To be honest, I think I can agree with the original poster that it's not fun playing a buffing class in such a straightforward, binary way. AST as a whole is plagued with godawful design issues, both from buffs and from actual healing design, which devastates me because I love its theme, aesthetic, and accompanying gear/graphics.
I'm of the opinion that Balance should be changed to Direct Hit. I don't think any healers should have a straight up damage buff, it's way too valuable. And it makes sense anyway, AST has every other stat buff, Direct Hit would round it out.
Of course I wouldn't be surprised if they did something stupid like kept balance while also moving DH to Spire now that TP is gone. They're going to do this, aren't they?......

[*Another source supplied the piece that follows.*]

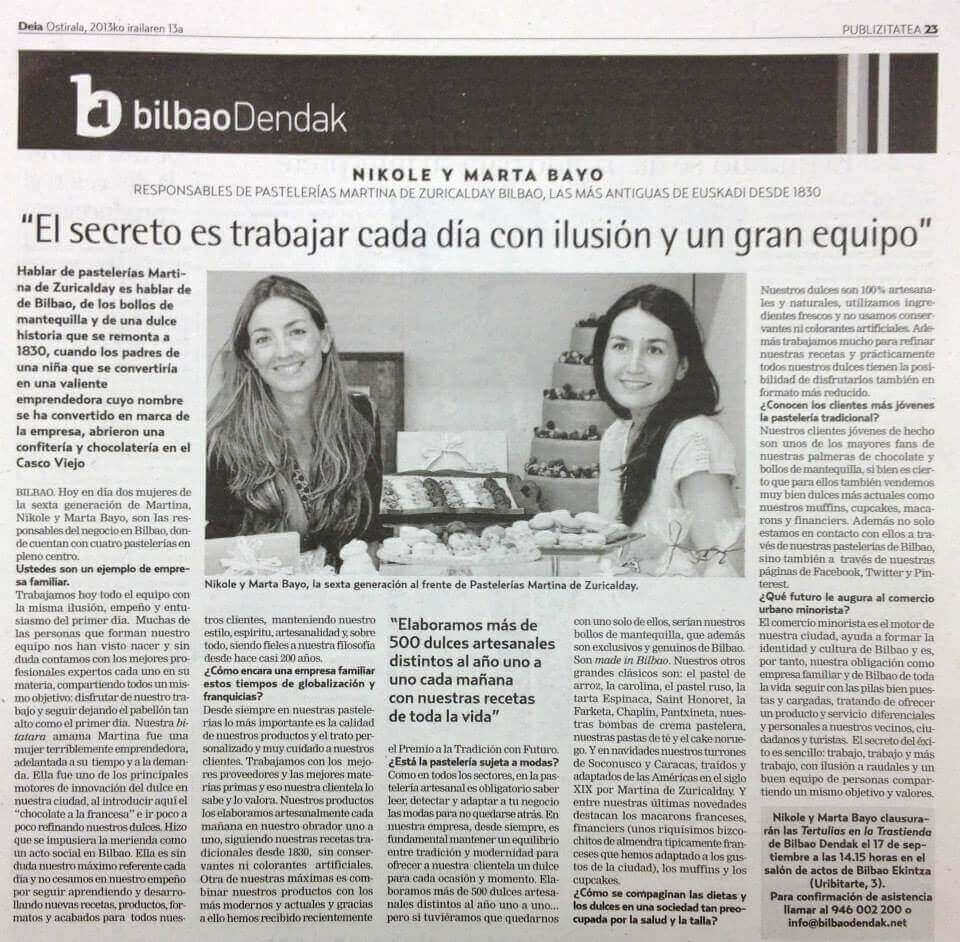 Pasteler&iacute;as Martina Zuricalday en el Peri&oacute;dico Deia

Technically, one shouldn't balance around them. However balance itself is an illusion - at least to high-end raiders. Because as you and others have said, it all boils down to DPS. The devs could come up with the most creative and amazingly fun-to-play skillset in the game, and the high-end raiders would just dissect it all over again, then simplify it to whatever mathematically results in the highest DPS. The complaints would then start all over again - that the system isn't fun or balanced because we only ever use X for Y and A for B.
I don't deny the math. Personally, I believe that the math isn't always right. Or at least, people don't always take everything into account when doing the calculations. The math is based on things that are quantifiable. My feeling is that the unquantifiable things, like positioning and relative travel time are significant enough that they may make a difference.
But then, ultimately my priorities aren't the same. I care about DPS, but place more value on patterns, routine, and engaging with raids like dances or musical performances, rather than as math problems.
Come to think of it, I think a better way to analyze the effectiveness of various rotations would be to do what drop rate guides do in games like RuneScape - use samples of kill numbers compared to drop numbers. People put in how many monsters they killed and what they got to create an average drop rate.
Obviously this doesn't work properly for FFXIV. In order for it to work, you'd need to sample people who are undeniably using the same rotation. Then look at the differences that appear between players based on factors other than that rotation. One could keep reducing what is included to find percentages of what makes how much difference.